Excerpted records
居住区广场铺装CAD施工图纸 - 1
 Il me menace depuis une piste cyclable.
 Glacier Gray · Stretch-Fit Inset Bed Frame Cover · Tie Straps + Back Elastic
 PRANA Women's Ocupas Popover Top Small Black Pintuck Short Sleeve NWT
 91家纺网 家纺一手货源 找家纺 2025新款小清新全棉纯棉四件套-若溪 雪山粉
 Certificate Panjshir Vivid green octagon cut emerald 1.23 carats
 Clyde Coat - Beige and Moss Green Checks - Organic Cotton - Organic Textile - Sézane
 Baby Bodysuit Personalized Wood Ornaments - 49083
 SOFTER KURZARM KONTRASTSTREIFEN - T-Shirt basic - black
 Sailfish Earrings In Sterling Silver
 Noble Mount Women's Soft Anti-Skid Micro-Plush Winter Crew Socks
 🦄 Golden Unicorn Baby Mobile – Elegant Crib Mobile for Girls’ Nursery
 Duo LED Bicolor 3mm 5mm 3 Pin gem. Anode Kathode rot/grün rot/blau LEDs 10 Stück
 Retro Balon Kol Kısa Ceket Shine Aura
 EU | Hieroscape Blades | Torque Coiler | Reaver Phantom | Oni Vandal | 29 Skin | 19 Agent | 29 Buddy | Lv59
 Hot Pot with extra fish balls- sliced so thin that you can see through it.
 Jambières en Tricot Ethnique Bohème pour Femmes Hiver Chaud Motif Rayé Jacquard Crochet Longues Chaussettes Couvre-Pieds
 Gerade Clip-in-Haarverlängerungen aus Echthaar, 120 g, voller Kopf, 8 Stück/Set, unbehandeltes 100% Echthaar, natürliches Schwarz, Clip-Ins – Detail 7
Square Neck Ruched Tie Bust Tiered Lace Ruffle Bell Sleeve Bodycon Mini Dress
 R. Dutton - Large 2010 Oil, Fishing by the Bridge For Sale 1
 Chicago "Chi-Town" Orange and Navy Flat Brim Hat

Problem
Retype each line of the listing exactly as it was given above.

Answer box
居住区广场铺装CAD施工图纸 - 1
 Il me menace depuis une piste cyclable.
 Glacier Gray · Stretch-Fit Inset Bed Frame Cover · Tie Straps + Back Elastic
 PRANA Women's Ocupas Popover Top Small Black Pintuck Short Sleeve NWT
 91家纺网 家纺一手货源 找家纺 2025新款小清新全棉纯棉四件套-若溪 雪山粉
 Certificate Panjshir Vivid green octagon cut emerald 1.23 carats
 Clyde Coat - Beige and Moss Green Checks - Organic Cotton - Organic Textile - Sézane
 Baby Bodysuit Personalized Wood Ornaments - 49083
 SOFTER KURZARM KONTRASTSTREIFEN - T-Shirt basic - black
 Sailfish Earrings In Sterling Silver
 Noble Mount Women's Soft Anti-Skid Micro-Plush Winter Crew Socks
 🦄 Golden Unicorn Baby Mobile – Elegant Crib Mobile for Girls’ Nursery
 Duo LED Bicolor 3mm 5mm 3 Pin gem. Anode Kathode rot/grün rot/blau LEDs 10 Stück
 Retro Balon Kol Kısa Ceket Shine Aura
 EU | Hieroscape Blades | Torque Coiler | Reaver Phantom | Oni Vandal | 29 Skin | 19 Agent | 29 Buddy | Lv59
 Hot Pot with extra fish balls- sliced so thin that you can see through it.
 Jambières en Tricot Ethnique Bohème pour Femmes Hiver Chaud Motif Rayé Jacquard Crochet Longues Chaussettes Couvre-Pieds
 Gerade Clip-in-Haarverlängerungen aus Echthaar, 120 g, voller Kopf, 8 Stück/Set, unbehandeltes 100% Echthaar, natürliches Schwarz, Clip-Ins – Detail 7
Square Neck Ruched Tie Bust Tiered Lace Ruffle Bell Sleeve Bodycon Mini Dress
 R. Dutton - Large 2010 Oil, Fishing by the Bridge For Sale 1
 Chicago "Chi-Town" Orange and Navy Flat Brim Hat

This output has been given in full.